By the way, I know you’re all jealous that I can sleep in past 8AM, but trust me; it’s overrated. The novelty of this unemployment shit has worn off, and I am BORED. 😦
Anyway, I look at the caller ID, and it is a staffing agency calling me. I’m like, “Oh, GOODY! Maybe I’ll have a job today!” So, I answer, and immediately upon hearing the recruiter’s voice, I know that this will not end well. It was extremely difficult to understand what the recruiter, whom I will assume is Indian, was saying, and he was kind of yelling at me because I kept asking him to repeat himself due to my inability to understand him. And I could have sworn that the guy who was talking to me said to one of his coworkers in in the background that I “hear with an accent,” which really wouldn’t be applicable, given that I was actually hearing one.
So the semi-rude recruiter tells me about an administrative assistant gig, that he sent me the job description via e-mail, and that he wanted me to retrieve it so he could go through it with me. After I finally coax my three-year-old laptop (which is, like, a billion in computer years) to wake up, I open my e-mail and review the job description:
- Standard administrative assistant duties.
Okay. The nearly 9 years I spent working in an office environment at a university gives me more than enough experience with that, and maybe this will give me a great transition into HR and complement the Master’s degree I’m about to earn.

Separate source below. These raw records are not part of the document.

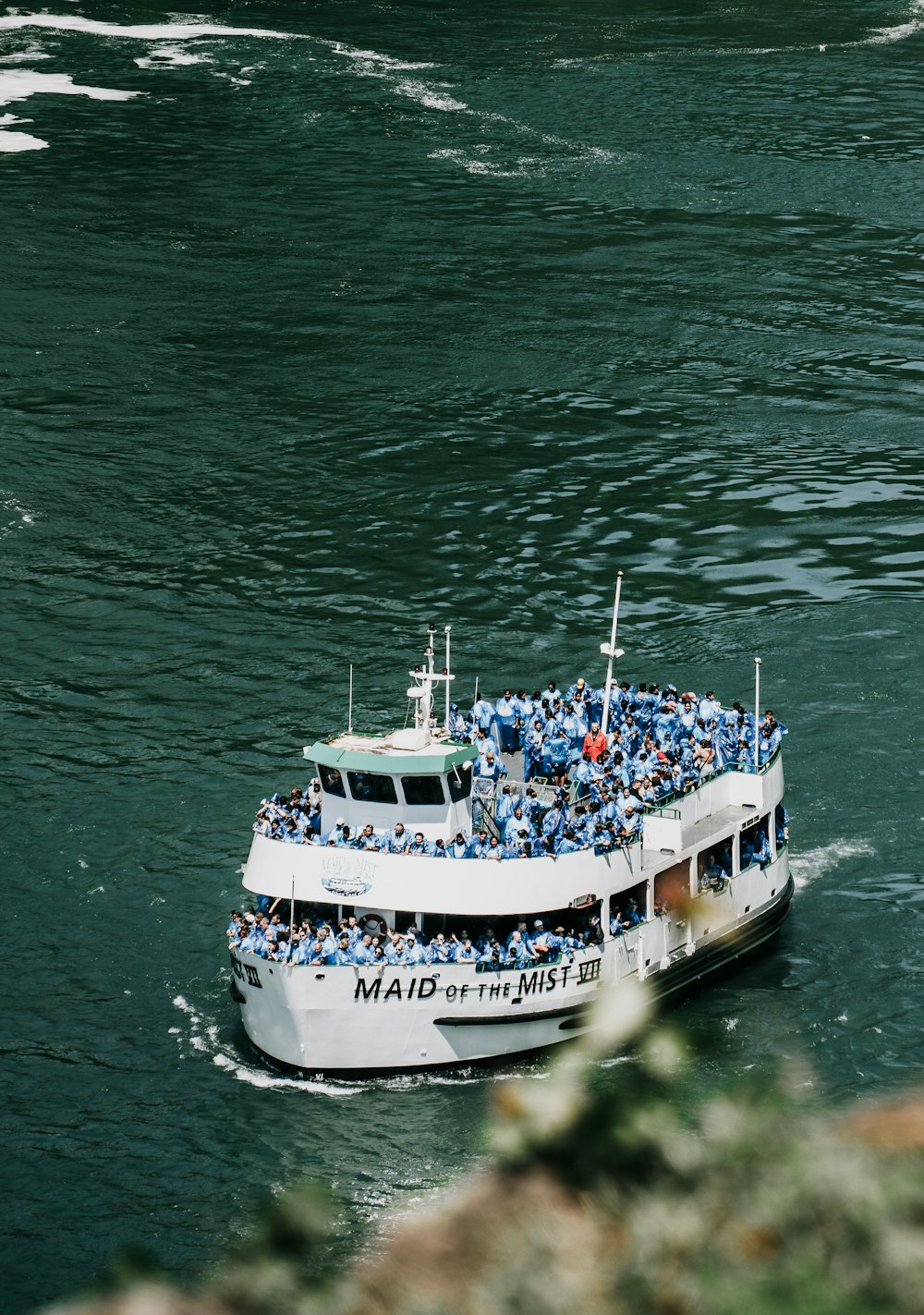 una grande barca piena di persone in acqua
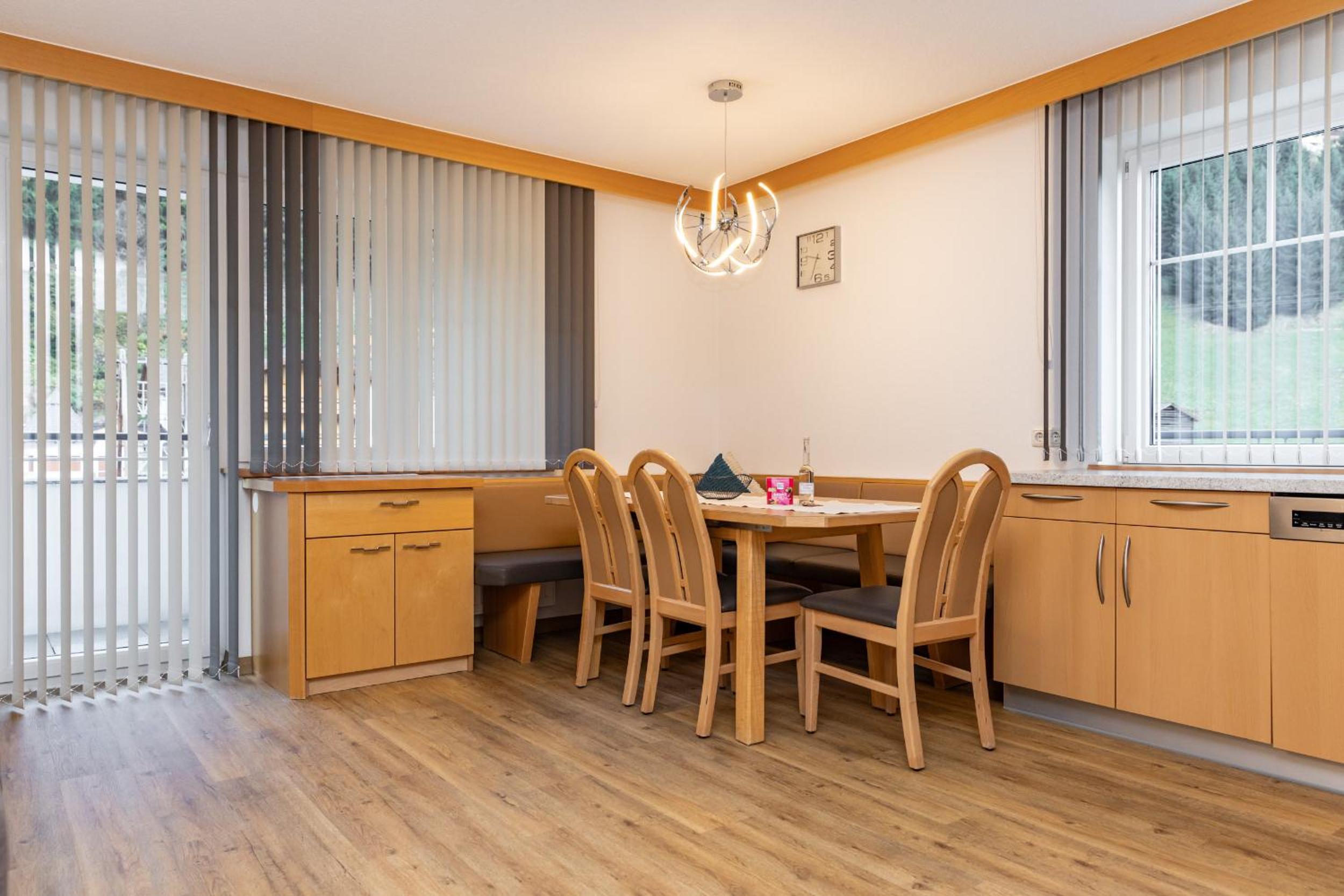 Two-Bedroom Apartment with Balcony photo 2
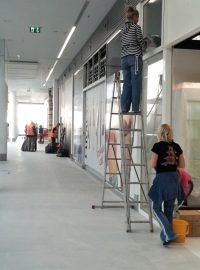 Ještě den před otevřením druhého obchodního centra ve středu Teplic dělníci dokončovali práci
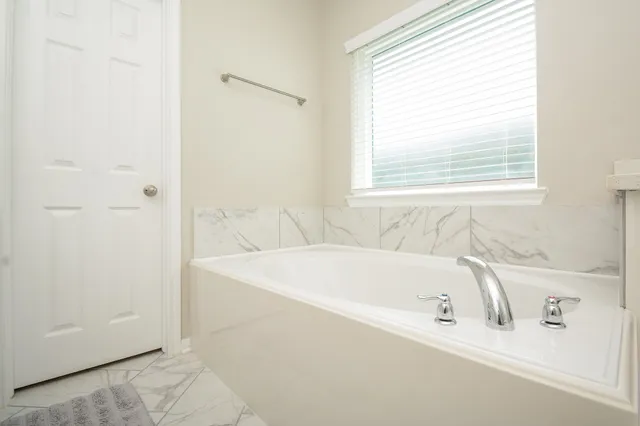 $325,500 | 1302 Oregon Street, La Porte, TX 77571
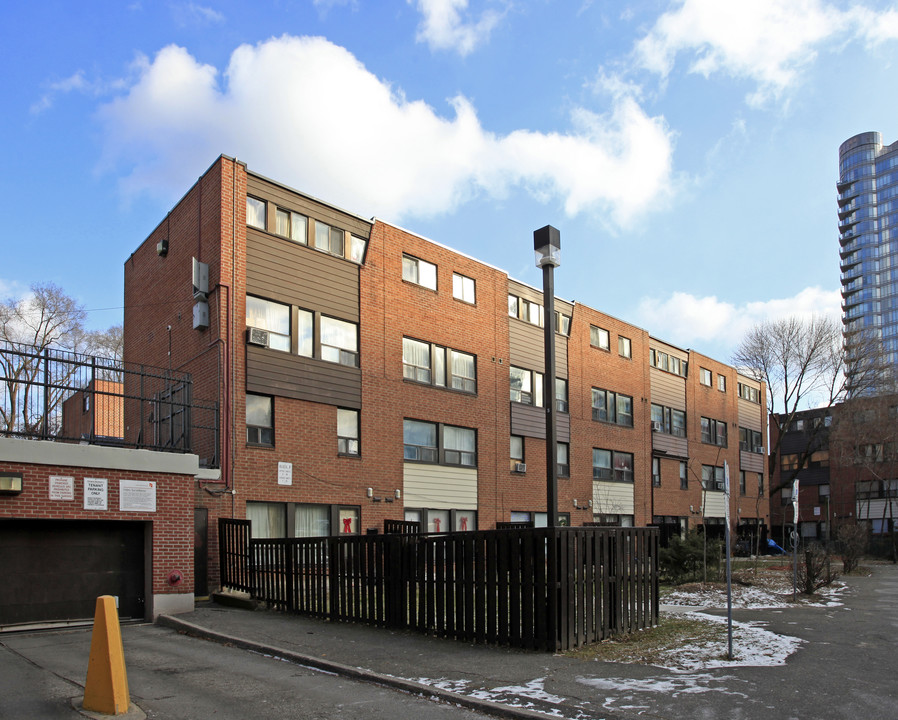 Queensway Windermere in Toronto, ON - Building Photo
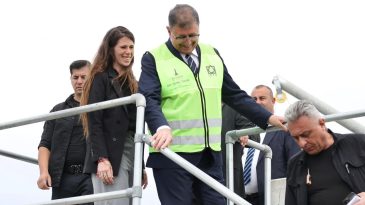 Lal Denizli’den Grev Üzerine Açıklama: Tugay’ın Yanındayız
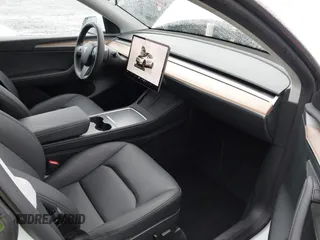 2025 Tesla Model Y Long Range with VIN 7SAYGDEDXSF248734, listed as a IAAI auction lot 41719195 with 5,876 mi miles and . Bid and sale history available at DreamBid. Image 5.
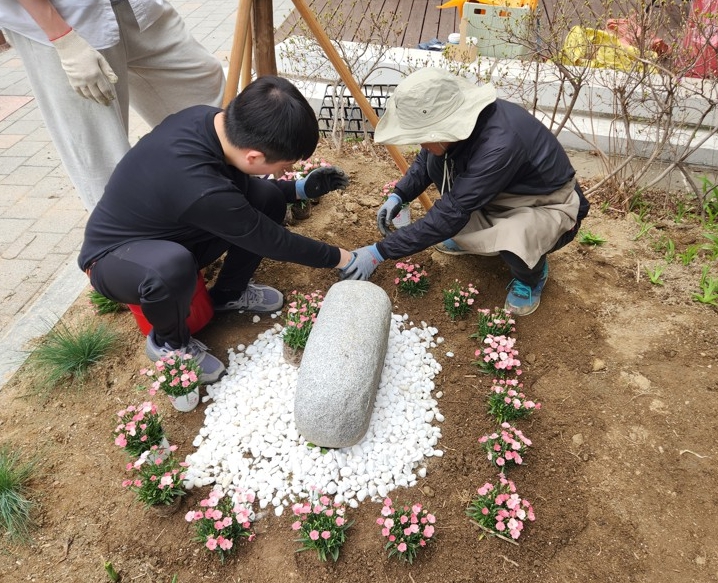 서초구, 제1기 서초정원사의 첫 결실... 장애인과 함께 만든 '동행정원'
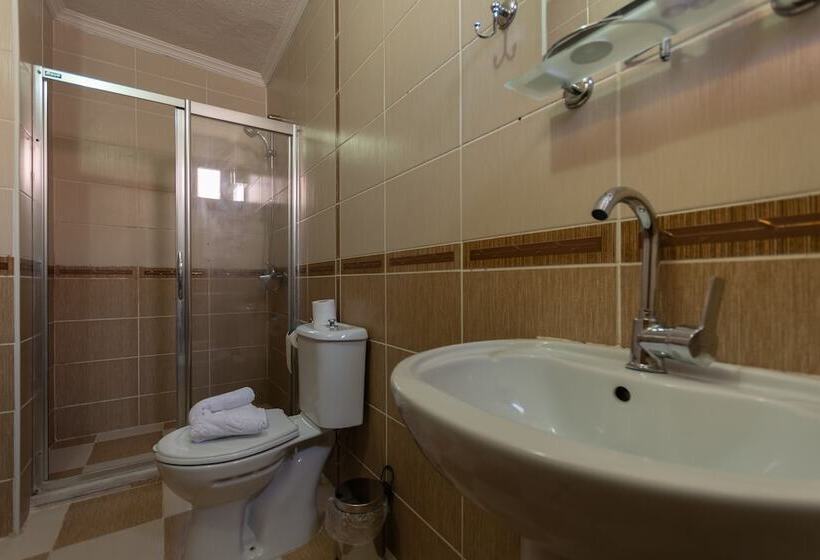 Номер Стандарт, Rebetika Hotel & Bistro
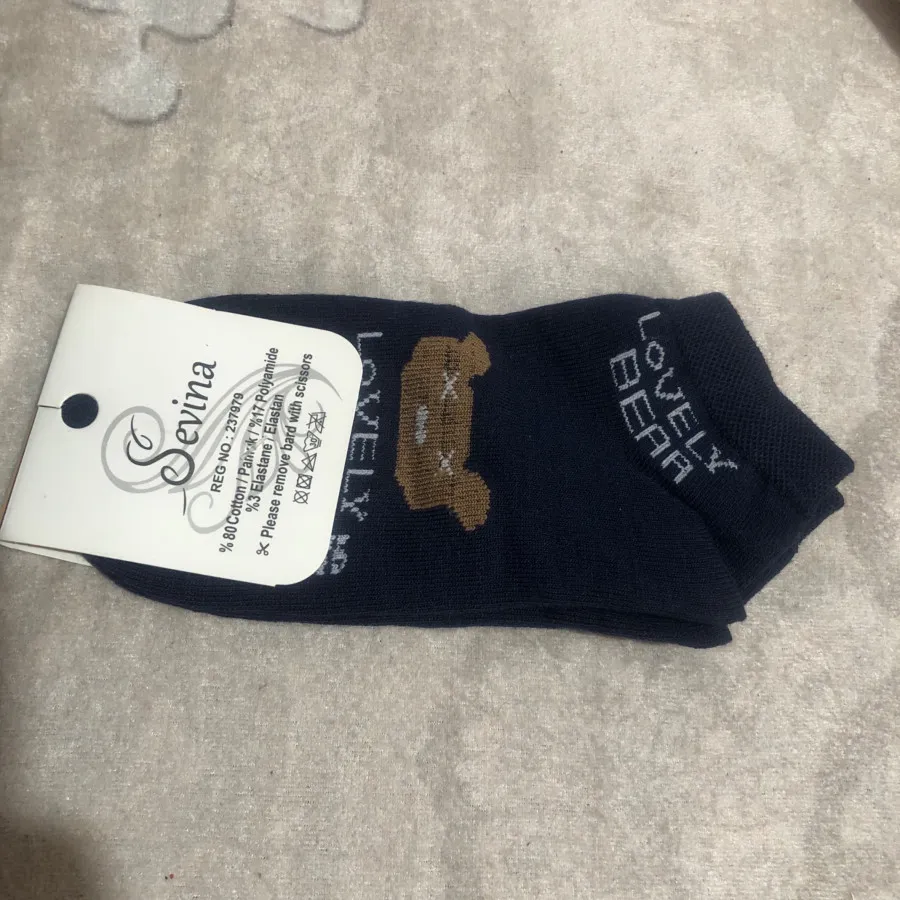 جوراب بچگانه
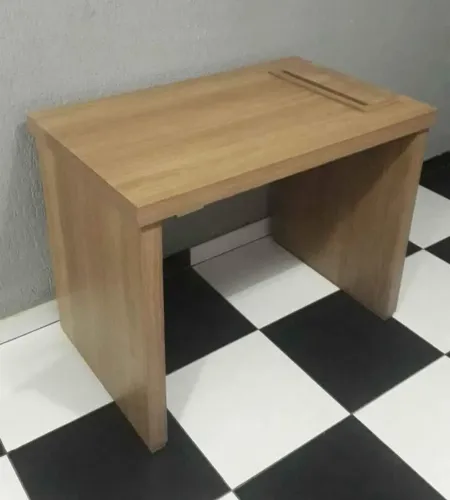 Mesa de Escritório Planejada em MDF Reforçado - Com Caixa de Tomadas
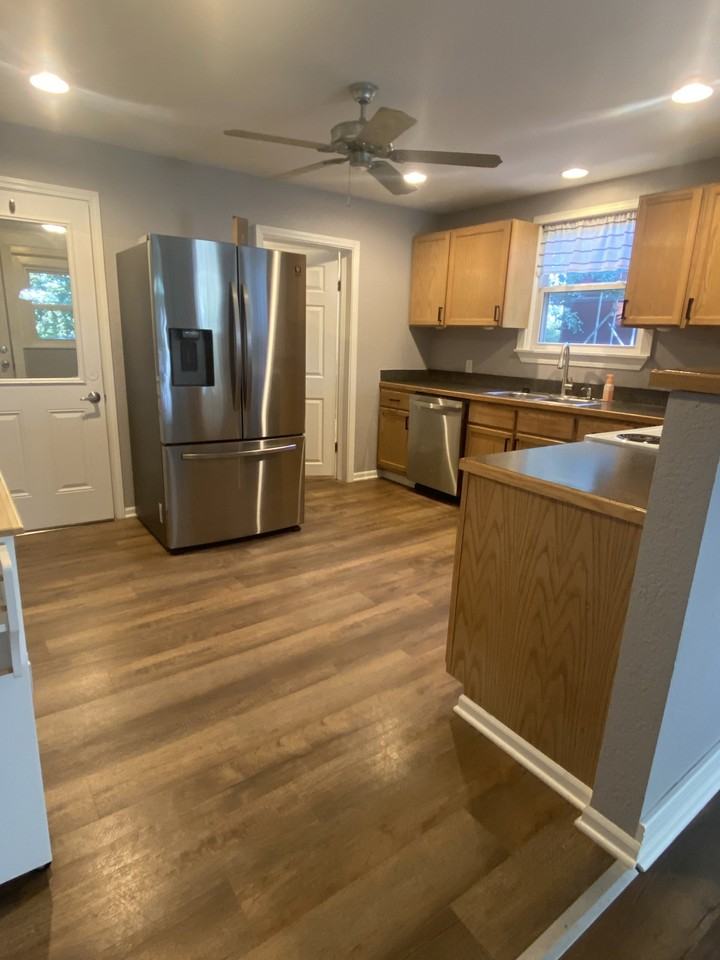 1018 N 10th St - Photo 4 of 16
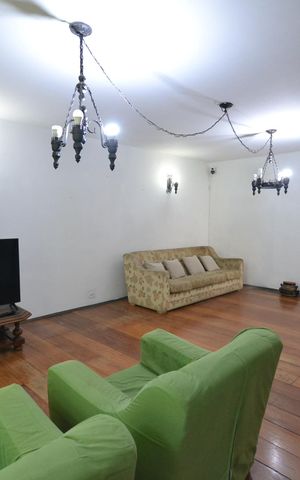 Casa para alugar com 130m², 5 quartos e 2 vagasSala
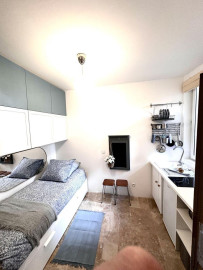 
                                                                                        Location
                                                                                         Beau studio meublé 11m² refait à neuf
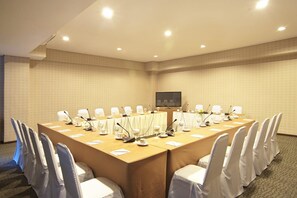 Meeting facility - Elmi Hotel Surabaya (Gresik)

- Shift is from 6:30AM-3:00PM.
O…kay. That’s a bit early, but I’m used to waking up at the asscrack of dawn to get to work, as my old shift was 7AM-4PM.
- Location…Fisher, IL.
I have lived in Illinois all my life, and I have never heard of a city/town called “Fisher” in IL. So, I ask the recruiter how far Fisher is from Chicago. Yes, I could have Googled it, but I figured that since he cold-called me (as I have never registered with his staffing agency, which means he may have gotten my resume from Monster or CareerBuilder), he could see whether I was anywhere near Fisher, IL. His answer: 129 miles.
ONE HUNDRED TWENTY-NINE GOT-DAMN MILES!!!
I then advise the recruiter that I must respectfully decline the offer, as there is no way in hell that I am going to commute 129 miles each day from my cozy little one bedroom apartment in Rogers Park to a village with, ostensibly, no people who look like me. Plus, I do not drive. How in the hell would I get there?